• **EXERCISE OBJECTIVE**:
An exact copy is needed of the lines in the entries below from the line with "That is the" up to and including the line with "Fluorescent lights, while", and of nothing else. Leave the pictures out.

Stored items
^^^^^^^^^^^^^^^^
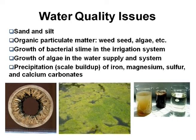It's going to plug everything up. Organic particulate matter, weed seed — if you're pulling out of a pond — algae, different things. Even small fish, anything that's swimming around in there could get sucked up in the system.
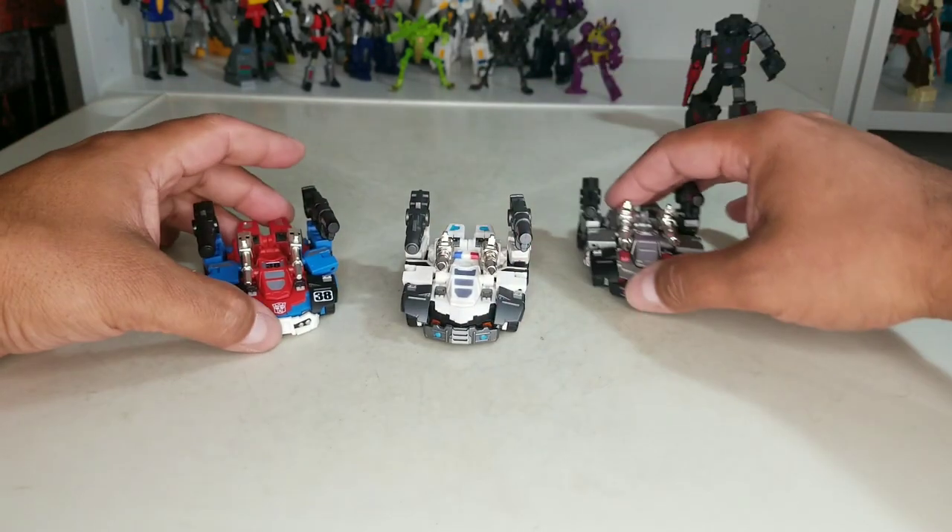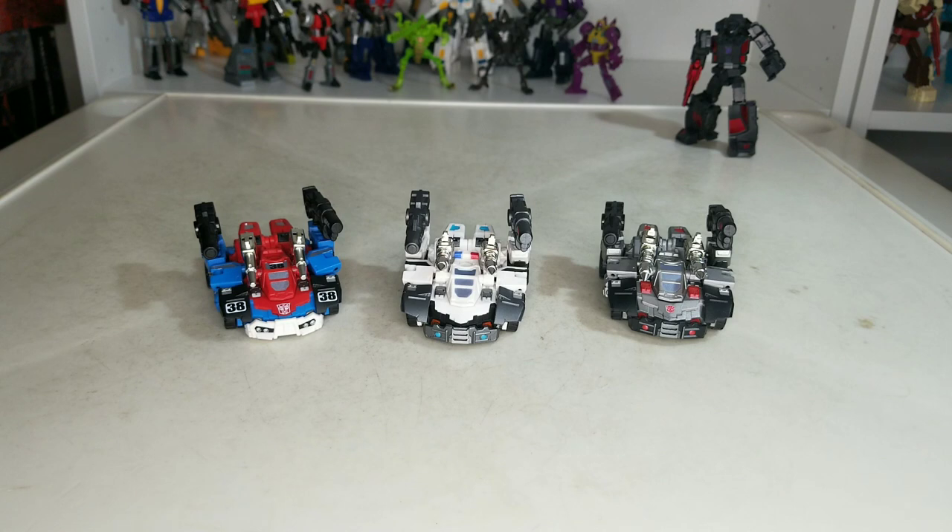That is the review for the Armored Tactical Staff — Smokescreen, Prowl, and Bluestreak. Let us know what you think. I dig them — they go well with all my Iron Factory collection. I was just so happy when I got them; they're spectacular. I recommend them, of course. Little tight tolerances here and there — all the joints and pegs are a little bit of a pain to put on and take off because they're so tight. But other than that they look spectacular on a shelf. Till next time, peace.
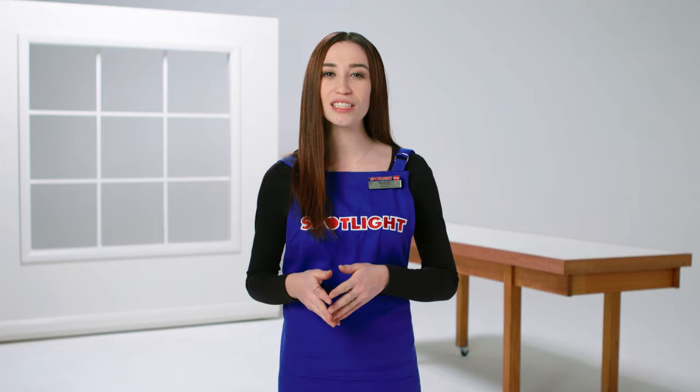That's it. If you have any questions or want to chat about your blinds, come and visit us in store or head over to SpotlightStores.com for more information.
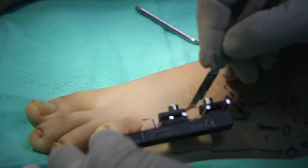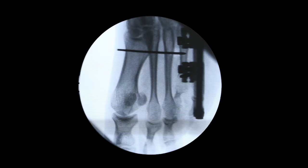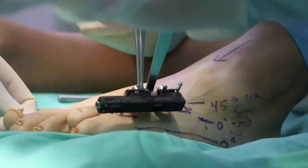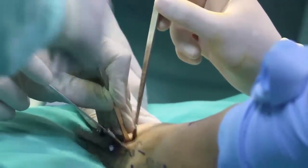After this, the skin is incised at the level of the 4th metatarsal. Careful dissection of the tissues is performed to avoid damage to ligaments, tendons, blood vessels, and nerves. This is the site where the corticotomy will take place; a Kirschner wire is used to perform multiple perforations, then completed with a small osteotome.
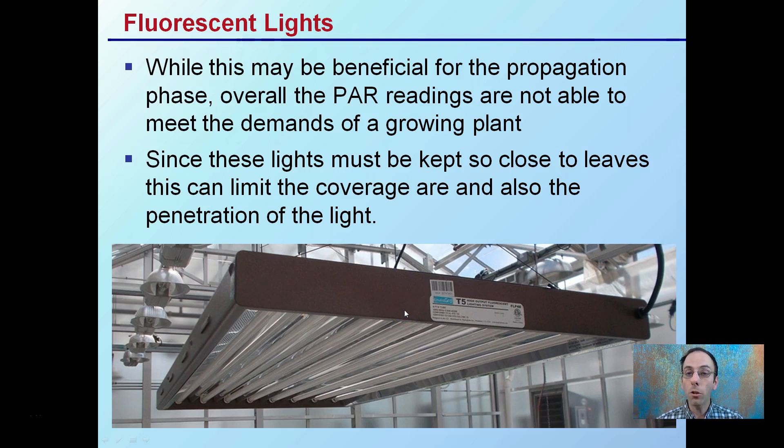Fluorescent lights, while beneficial for propagation, overall the PAR readings are not able to meet the demands of a growing plant. Since these lights must be kept very close to the leaves, it limits the coverage area and also the penetration of light. So fluorescents are great for propagation or early on, with other lights better suited for true growing phases as plants get bigger.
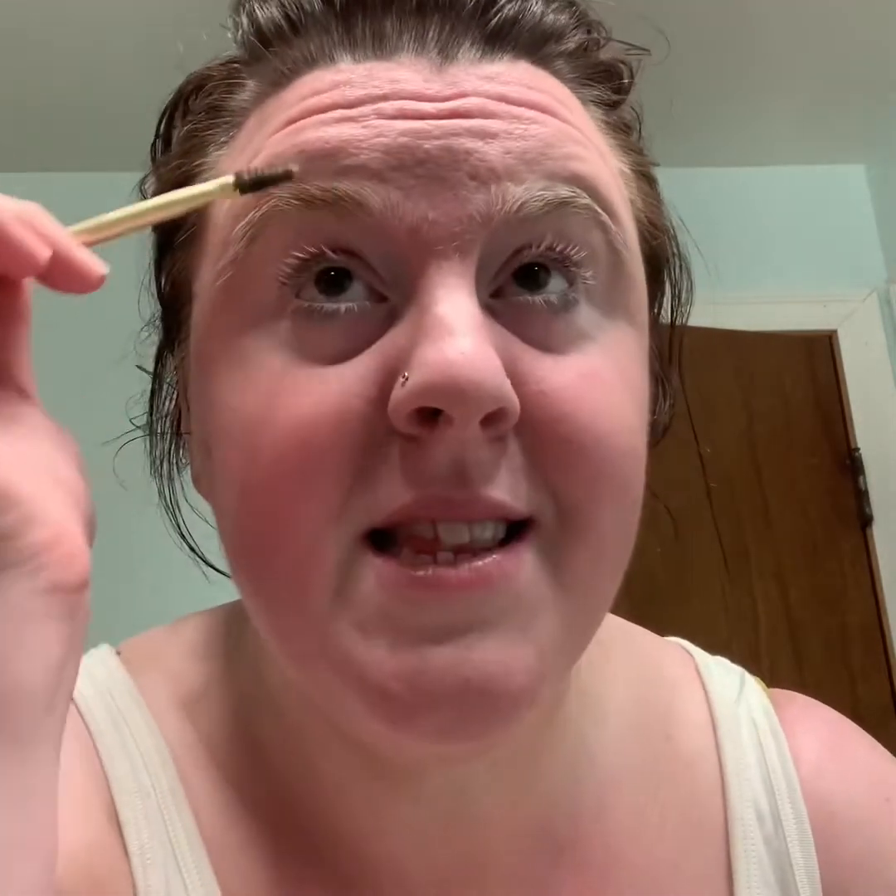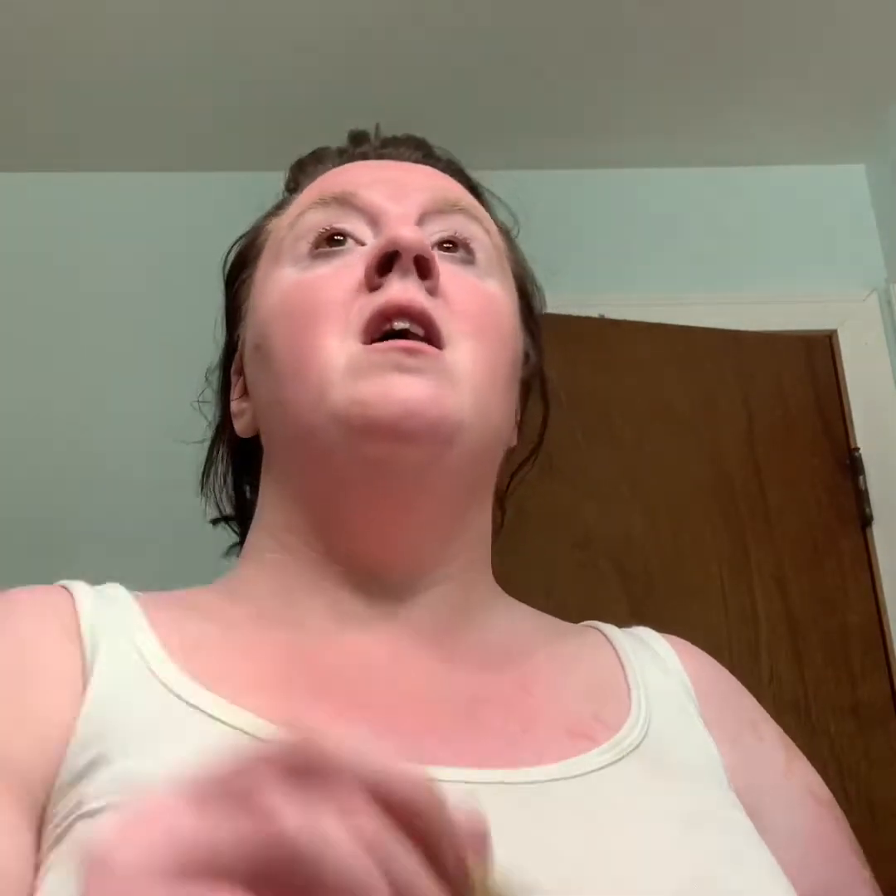First, I'm taking my Senegence dual eyebrow brush and I'm just going to take the spoolie and brush through my brows. I need to pluck my eyebrows — they're getting way out of hand! Now I'm going to take this Mocha Java ShadowSense. I'm actually going to use this Senegence little flip liner eyeshadow brush.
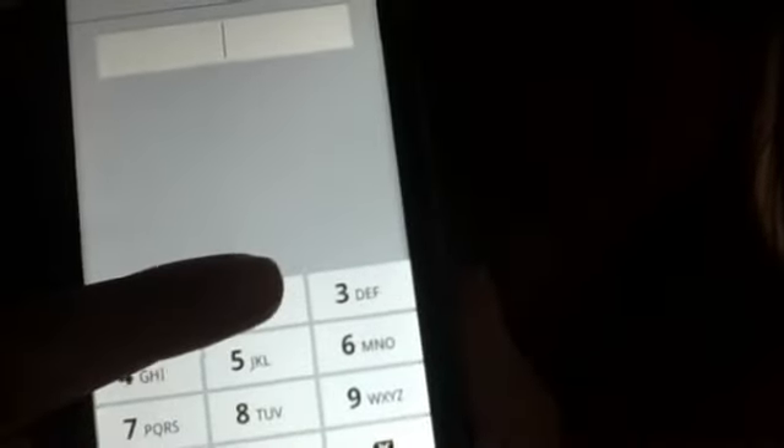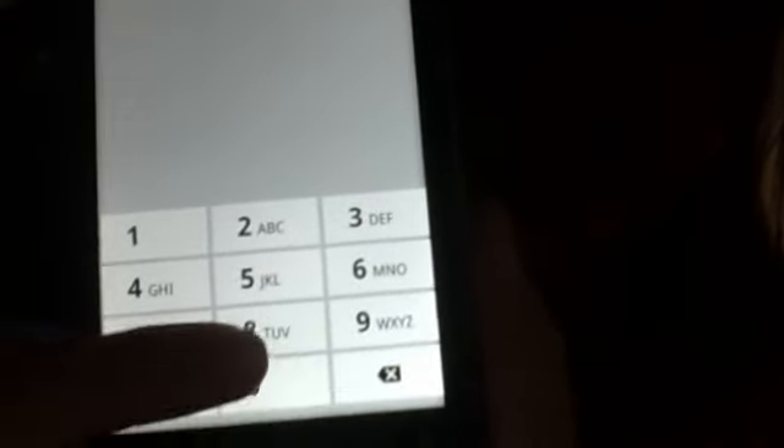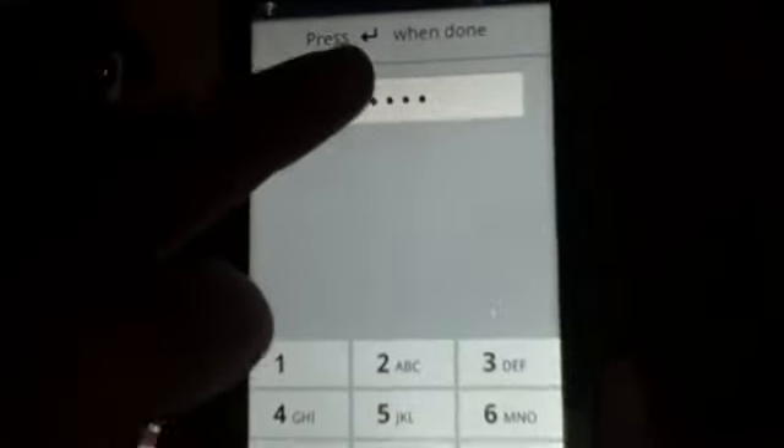And then the last one is PIN, which is what I'm going to be doing. It says choose your PIN. Now I'm going to do two, zero, zero, two. It says press when you're done.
^^^^^^^^^^^^^^^^
• **ANSWER SPACE**:
That is the review for the Armored Tactical Staff — Smokescreen, Prowl, and Bluestreak. Let us know what you think. I dig them — they go well with all my Iron Factory collection. I was just so happy when I got them; they're spectacular. I recommend them, of course. Little tight tolerances here and there — all the joints and pegs are a little bit of a pain to put on and take off because they're so tight. But other than that they look spectacular on a shelf. Till next time, peace.
That's it. If you have any questions or want to chat about your blinds, come and visit us in store or head over to SpotlightStores.com for more information.
After this, the skin is incised at the level of the 4th metatarsal. Careful dissection of the tissues is performed to avoid damage to ligaments, tendons, blood vessels, and nerves. This is the site where the corticotomy will take place; a Kirschner wire is used to perform multiple perforations, then completed with a small osteotome.
Fluorescent lights, while beneficial for propagation, overall the PAR readings are not able to meet the demands of a growing plant. Since these lights must be kept very close to the leaves, it limits the coverage area and also the penetration of light. So fluorescents are great for propagation or early on, with other lights better suited for true growing phases as plants get bigger.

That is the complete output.